### EXERCISE DESCRIPTION
Go to the line below containing "Brilagi - LED" and print exactly from there through the line containing "مداد رنگی 24 رنگ Panter مدل Cardboard Box", both included. Print nothing else.

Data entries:
BEGIN

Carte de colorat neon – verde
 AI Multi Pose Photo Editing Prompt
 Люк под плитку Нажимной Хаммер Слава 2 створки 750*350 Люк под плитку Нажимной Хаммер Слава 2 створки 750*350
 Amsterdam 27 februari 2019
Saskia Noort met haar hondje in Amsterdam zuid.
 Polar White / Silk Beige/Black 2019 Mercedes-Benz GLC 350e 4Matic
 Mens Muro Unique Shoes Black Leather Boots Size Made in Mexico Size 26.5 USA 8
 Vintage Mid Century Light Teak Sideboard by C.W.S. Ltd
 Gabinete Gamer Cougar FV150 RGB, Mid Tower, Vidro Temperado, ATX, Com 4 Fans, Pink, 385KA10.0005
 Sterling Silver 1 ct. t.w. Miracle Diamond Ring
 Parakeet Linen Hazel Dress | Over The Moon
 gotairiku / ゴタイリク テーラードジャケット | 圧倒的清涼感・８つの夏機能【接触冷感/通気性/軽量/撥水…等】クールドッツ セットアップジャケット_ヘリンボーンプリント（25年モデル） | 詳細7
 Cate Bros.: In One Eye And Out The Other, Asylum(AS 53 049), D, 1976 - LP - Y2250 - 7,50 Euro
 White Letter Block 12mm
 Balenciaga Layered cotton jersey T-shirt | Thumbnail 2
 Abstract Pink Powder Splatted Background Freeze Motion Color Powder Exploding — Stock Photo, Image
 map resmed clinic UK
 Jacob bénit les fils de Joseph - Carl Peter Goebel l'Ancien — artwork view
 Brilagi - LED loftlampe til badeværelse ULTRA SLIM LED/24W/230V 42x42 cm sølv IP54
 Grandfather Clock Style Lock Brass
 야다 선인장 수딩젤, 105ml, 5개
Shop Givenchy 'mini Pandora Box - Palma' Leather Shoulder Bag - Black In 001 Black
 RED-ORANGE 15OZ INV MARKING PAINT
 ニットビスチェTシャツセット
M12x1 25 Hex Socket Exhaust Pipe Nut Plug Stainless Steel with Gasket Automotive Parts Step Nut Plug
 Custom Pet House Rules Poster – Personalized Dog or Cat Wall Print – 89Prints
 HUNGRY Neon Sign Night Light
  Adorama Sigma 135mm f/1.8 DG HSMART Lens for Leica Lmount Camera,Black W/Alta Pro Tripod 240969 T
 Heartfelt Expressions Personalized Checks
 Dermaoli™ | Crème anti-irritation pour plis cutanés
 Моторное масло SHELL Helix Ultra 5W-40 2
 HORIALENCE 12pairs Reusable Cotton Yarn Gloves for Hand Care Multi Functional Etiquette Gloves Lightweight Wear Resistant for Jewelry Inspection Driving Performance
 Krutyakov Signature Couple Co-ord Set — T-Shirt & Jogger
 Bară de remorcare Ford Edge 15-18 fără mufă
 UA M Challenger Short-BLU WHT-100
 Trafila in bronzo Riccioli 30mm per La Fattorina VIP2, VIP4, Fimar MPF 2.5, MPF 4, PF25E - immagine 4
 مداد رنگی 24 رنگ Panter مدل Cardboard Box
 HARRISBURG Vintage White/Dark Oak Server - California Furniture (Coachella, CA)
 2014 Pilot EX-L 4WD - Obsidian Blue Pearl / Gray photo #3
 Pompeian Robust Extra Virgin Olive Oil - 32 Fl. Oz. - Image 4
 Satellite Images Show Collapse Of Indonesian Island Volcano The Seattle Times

END

### ANSWER BELOW
 Brilagi - LED loftlampe til badeværelse ULTRA SLIM LED/24W/230V 42x42 cm sølv IP54
 Grandfather Clock Style Lock Brass
 야다 선인장 수딩젤, 105ml, 5개
Shop Givenchy 'mini Pandora Box - Palma' Leather Shoulder Bag - Black In 001 Black
 RED-ORANGE 15OZ INV MARKING PAINT
 ニットビスチェTシャツセット
M12x1 25 Hex Socket Exhaust Pipe Nut Plug Stainless Steel with Gasket Automotive Parts Step Nut Plug
 Custom Pet House Rules Poster – Personalized Dog or Cat Wall Print – 89Prints
 HUNGRY Neon Sign Night Light
  Adorama Sigma 135mm f/1.8 DG HSMART Lens for Leica Lmount Camera,Black W/Alta Pro Tripod 240969 T
 Heartfelt Expressions Personalized Checks
 Dermaoli™ | Crème anti-irritation pour plis cutanés
 Моторное масло SHELL Helix Ultra 5W-40 2
 HORIALENCE 12pairs Reusable Cotton Yarn Gloves for Hand Care Multi Functional Etiquette Gloves Lightweight Wear Resistant for Jewelry Inspection Driving Performance
 Krutyakov Signature Couple Co-ord Set — T-Shirt & Jogger
 Bară de remorcare Ford Edge 15-18 fără mufă
 UA M Challenger Short-BLU WHT-100
 Trafila in bronzo Riccioli 30mm per La Fattorina VIP2, VIP4, Fimar MPF 2.5, MPF 4, PF25E - immagine 4
 مداد رنگی 24 رنگ Panter مدل Cardboard Box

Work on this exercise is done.